Issue (i): Whether individual partners, while paying interest to the partnership firms from which they had borrowed, were liable to deduct tax at source under section 194A and whether disallowance under section 40(a)(ia) was justified for non-deduction of tax.
Analysis: The assessees were assessed as individuals and had paid interest to their respective partnership firms on borrowed loans. Under the Income-tax Act, partners and partnership firms are treated as distinct assessable units. The obligation to deduct tax under section 194A applied because the assessees were individuals whose turnover exceeded the statutory limit under section 44AB. The plea that the firm had already paid tax did not assist the assessees because the disallowance under section 40(a)(ia) operates in a different field from recovery under section 201(1).
Conclusion: The assessees were liable to deduct tax at source, and the disallowance under section 40(a)(ia) was in law and against the assessee.
Issue (ii): Whether the second proviso to section 40(a)(ia), inserted by the Finance Act, 2012, applied retrospectively to the assessment years in question.
Analysis: The Tribunal held that the second proviso created a deeming benefit only from the date of its insertion. Binding jurisdictional precedent had already held that the amendment was not available for earlier assessment years. The assessee therefore could not invoke the later proviso to avoid the disallowance for the years under appeal.
Conclusion: The second proviso to section 40(a)(ia) was held to be prospective and not applicable to the assessees' assessment years.
Issue (iii): Whether section 40(a)(ia) applied only to amounts outstanding as payable on the last day of the financial year.
Analysis: The Tribunal declined to follow the view that the provision was confined to year-end payables.

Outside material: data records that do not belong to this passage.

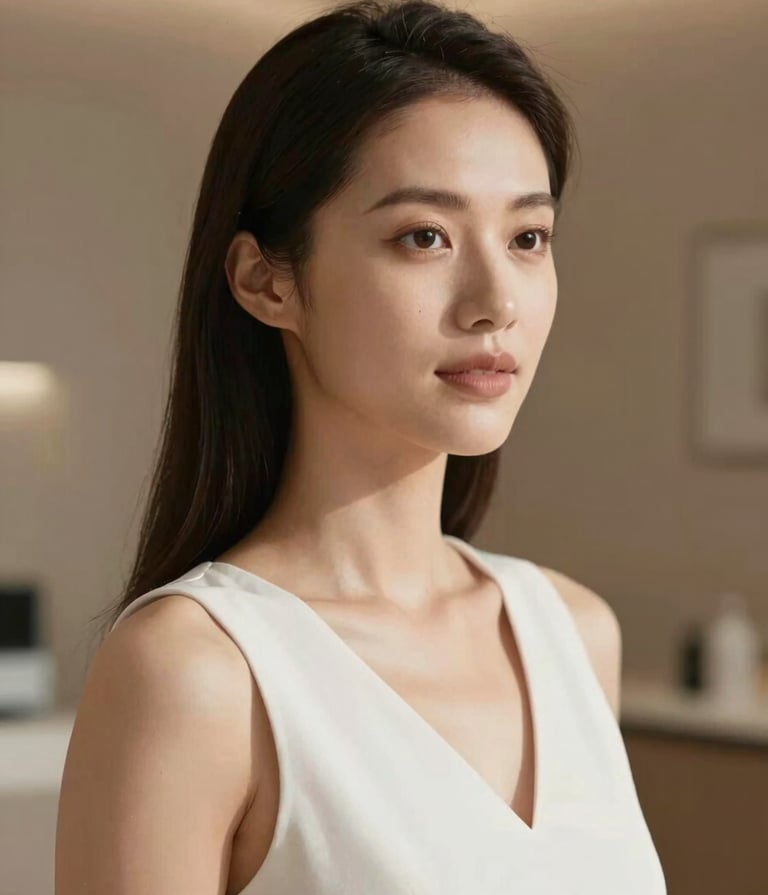 High-end lifestyle photography of a sophisticated woman in a minimalist aesthetic clinic, soft natural lighting hitting her face, warm tones of #4B2E2B in the background, elegant and professional atmosphere.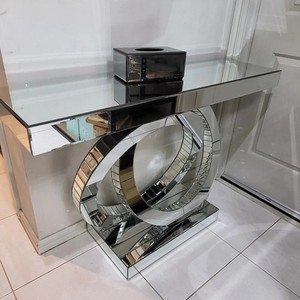 TABLE DE <span class=keywords><strong>CONSOLE</strong></span> <span class=keywords><strong>EN</strong></span> <span class=keywords><strong>VERRE</strong></span> MIROIR CHROME DE STYLE AMÉRICAIN ET MIROIR AVEC DIAMANT - Product Image 3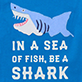 View Baby Boys Swimming Sharks Bodysuit With Hat - Blue shark with white text reading "In a sea of fish, be a shark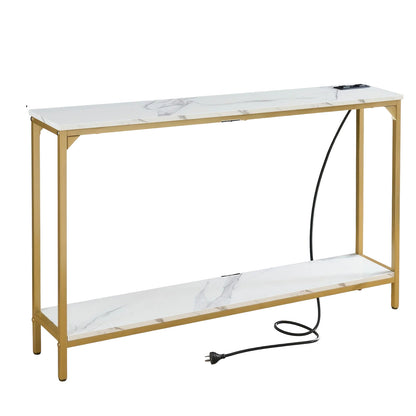 2 Tier Console Table with Power Outlets and USB Ports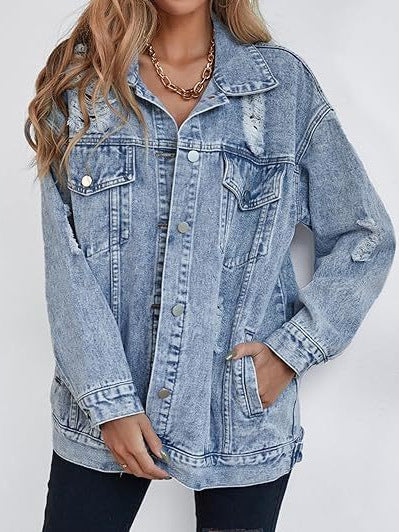 Ripped Oversized Denim Trucker Jacket - view 1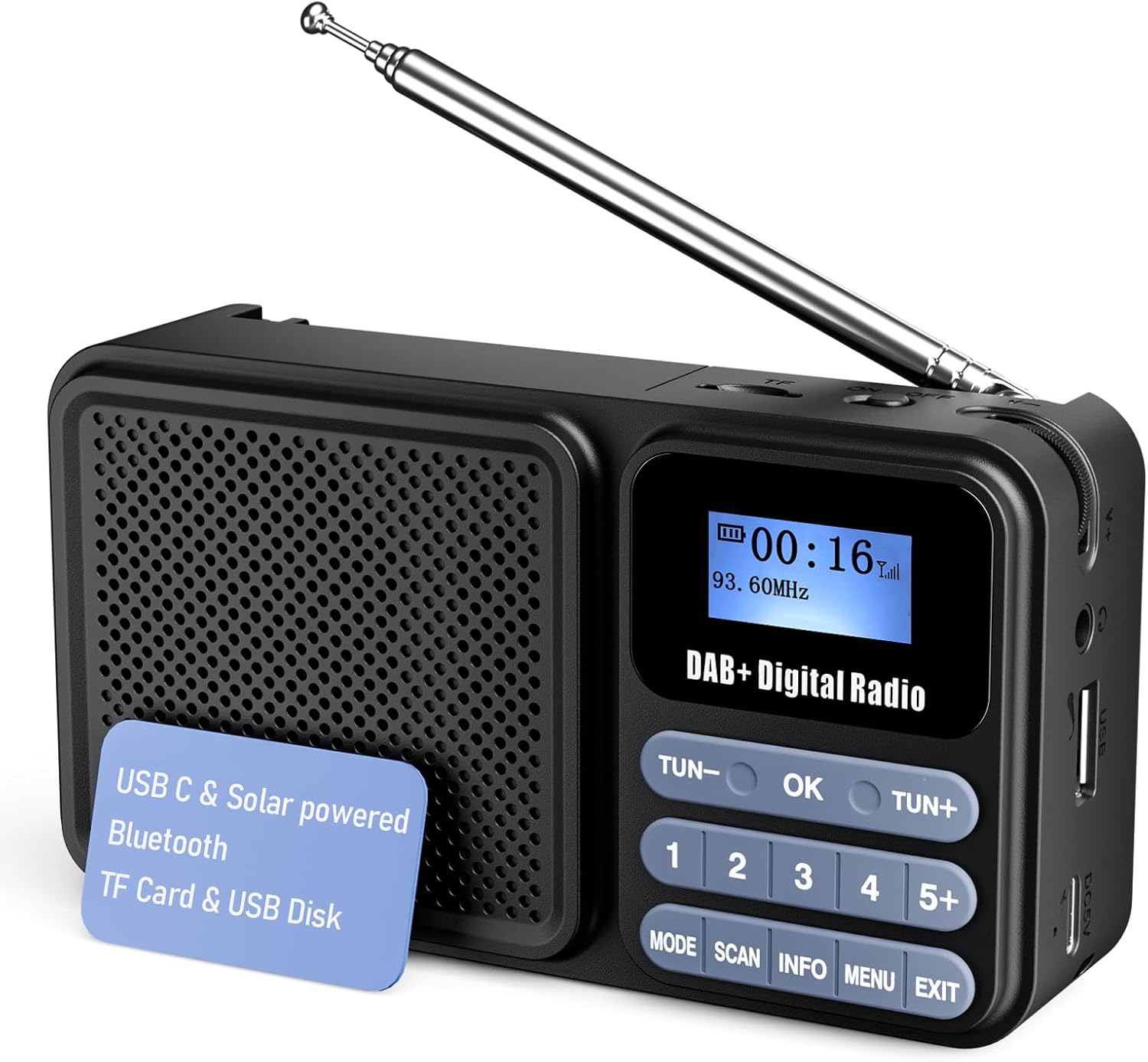 DAB+/FM Radio mit Bluetooth, Akku und Solarpanel - USB/Solar Charging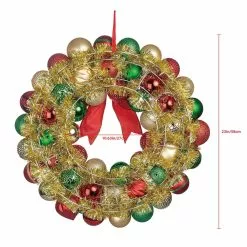 Budget ???? 23" Red, Green & Gold Ball Ornament Wall Wreath by Ashland® ???? 8 Budget ???? 23" Red, Green & Gold Ball Ornament Wall Wreath by Ashland® ???? -Ashland Sales 10699989 3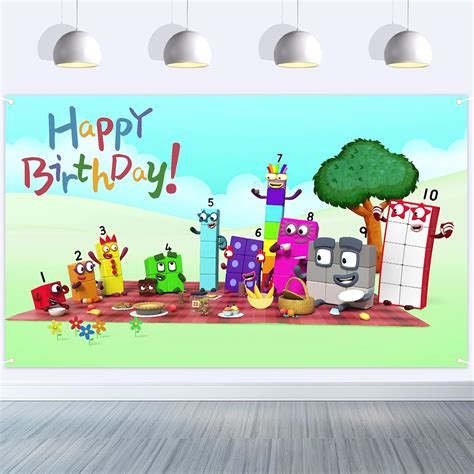 Numberblocks Backdrop Birthday Party Decoration - 5x3ft Numberblocks ...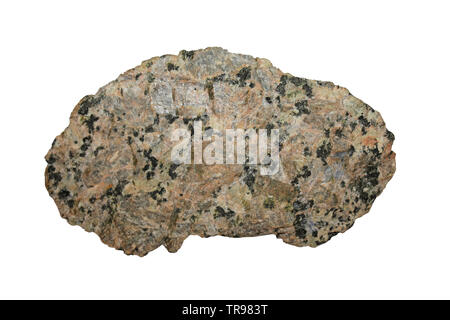 Rapakivi Granito - un hornblende-biotite granito contenenti grandi round cristalli di ortoclasio ciascuno con un cerchio di oligoclase (una varietà di plagioclase) Foto Stock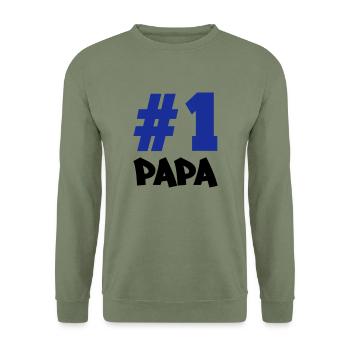 number1_papa02 - Unisex Pullover - Armeegrün - Vorne - Alina (178cm) & Michal (187cm)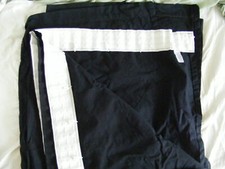 Set of 2 black cotton curtains - 155cm x 190cm - thin material (could sew in a t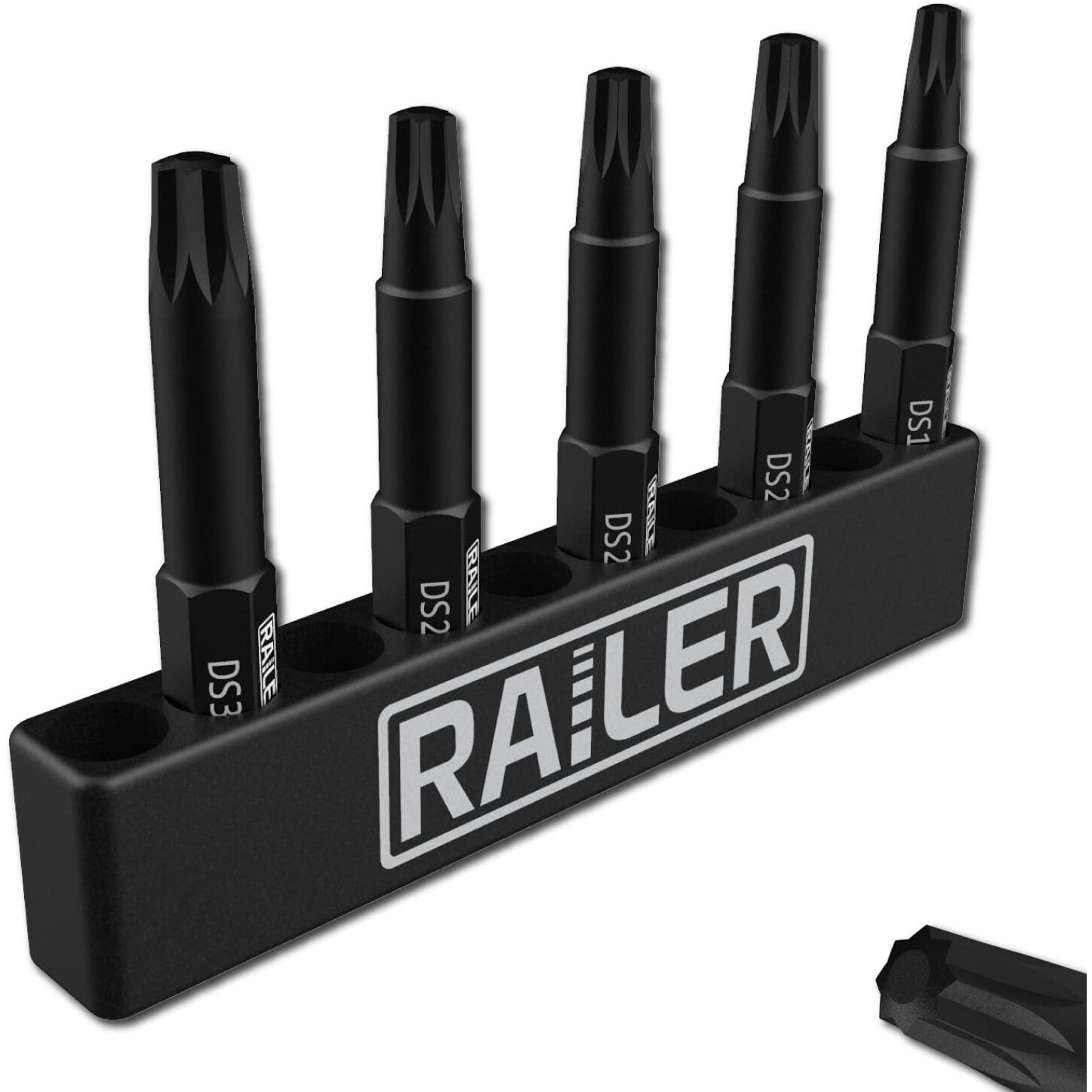 Railer 5 Pack Double Square 8 Point Star Bit Set. Premium S2 Steel 2 Inch 8 Spline Double Square Bit Set With A Storage Bit Holder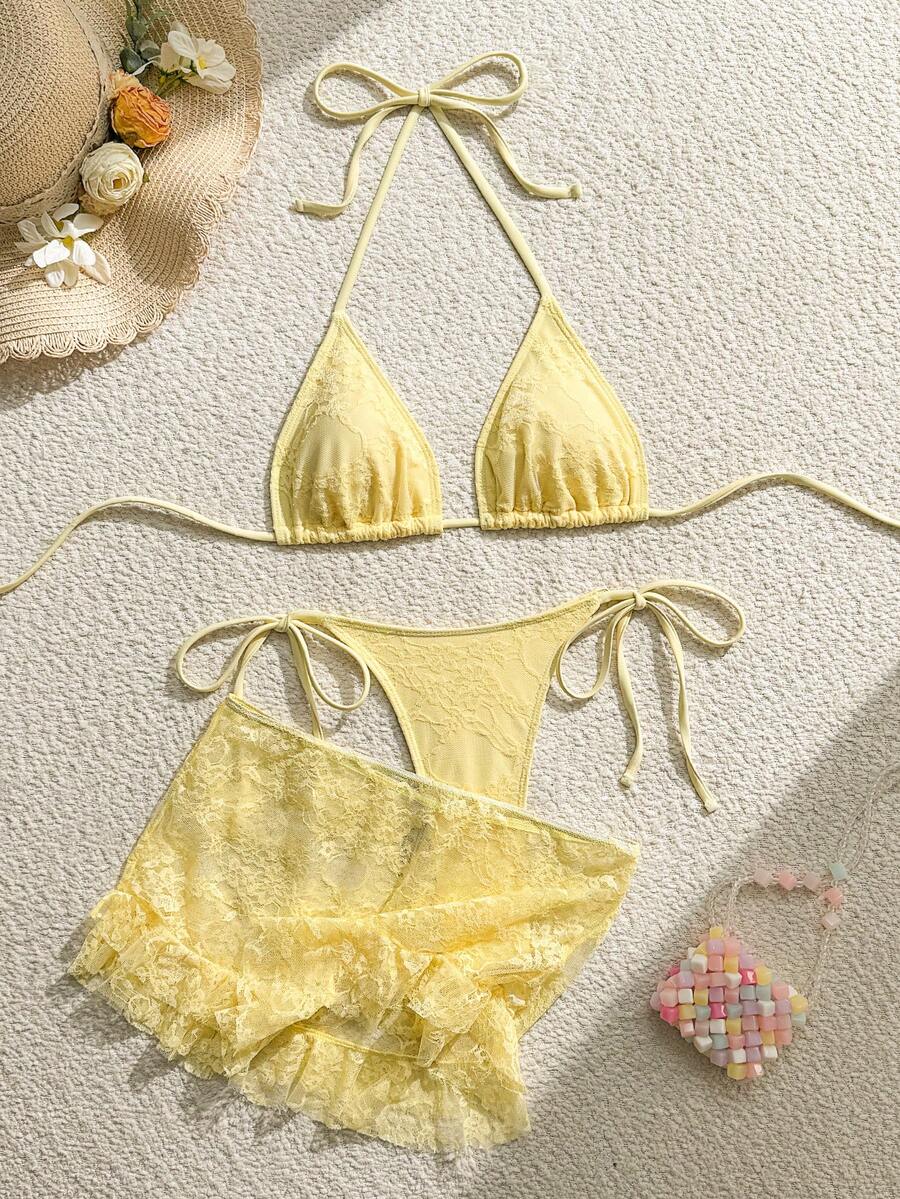 Swim Vcay 黑色性感蕾絲雙層荷葉邊俏皮貼身迷你裙 蕾絲雙層三角杯丁字褲 3件組女款泳衣套裝 - 鵝黃色 - 查看 1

It preferred the reasoned decisions of the Calcutta High Court and the Gujarat High Court, which held that the section covers amounts payable at any time during the year, and rejected the contrary interpretation based on the Special Bench ruling and the non-speaking dismissal of the SLP in the related matter.
Conclusion: Section 40(a)(ia) applies to sums payable during the year as well as those remaining payable at year-end; the assessee's contention was rejected.
Final Conclusion: The additions/disallowances made by the lower authorities were sustained, and all the appeals were dismissed.
Ratio Decidendi: Section 40(a)(ia) disallows expenditure where tax deductible at source has not been deducted or paid, irrespective of whether the amount remains payable on the last day of the year, and the later curative proviso cannot be applied retrospectively to earlier assessment years absent binding authority to that effect.